A spokesman for the mayor stressed Wednesday that the preliminary budget released in March was subject to change.

"Property tax cuts have always been a priority for the mayor," spokesman Kevin Harris said. He said officials have not identified specific funds to allocate to a tax cut — which, depending on its size, could deprive the treasury of several million dollars.

Baltimore's property tax rate is double that of surrounding jurisdictions. In 2010, the city's tax rate was $2.268 per $100 of assessed value. The rate for owner-occupied properties now stands at $2.131.

City officials said their ability to reduce the tax rate would hinge in part on how much money in state aid the schools receive.

Gov. Larry Hogan is considering whether to allocate $11.6 million in state aid to Baltimore's schools. The General Assembly, in a dispute with the governor over tax cuts and pension funding, among other issues, set aside about $68 million in funding for schools statewide. But Hogan said he has not decided how he will use the money.

Kleine called the school funding issue "very serious."

"I know the schools are looking to us for some assistance there," he said. "There will be some difficult choices to make."

Last year, the city's tax base grew by $1.3 billion — by far the fastest rate in the state.
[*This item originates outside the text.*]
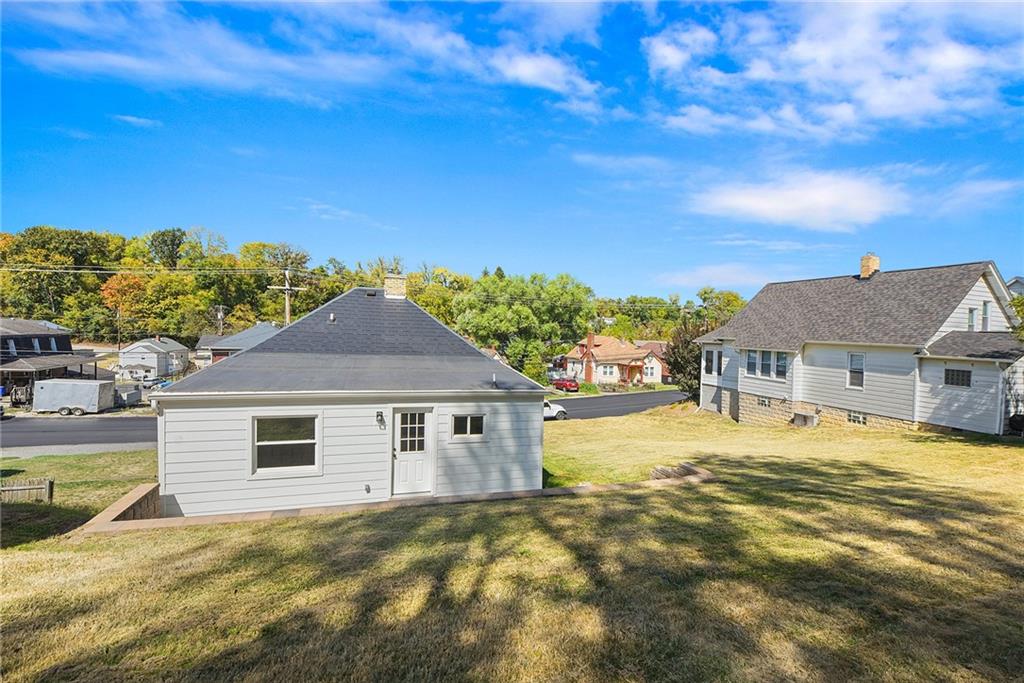 808 Mill Street Bridgeville, PA 15017 - Photo 3 of 27 a front view of house with yard and trees in the background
But those gains have come with a cost: Baltimore lost $14 million in state aid to city schools under a funding formula.

With Baltimore's economy improving, the city expects to bring in $72 million more in property tax revenue in fiscal year 2016. But city officials have allocated only about $5.3 million more in aid to the school system.

Rawlings-Blake said she is "still concerned about the schools budget."

She said the spending plan introduced by Baltimore schools CEO Gregory Thornton is dependent on millions of dollars "caught up in no man's land with the governor's budget."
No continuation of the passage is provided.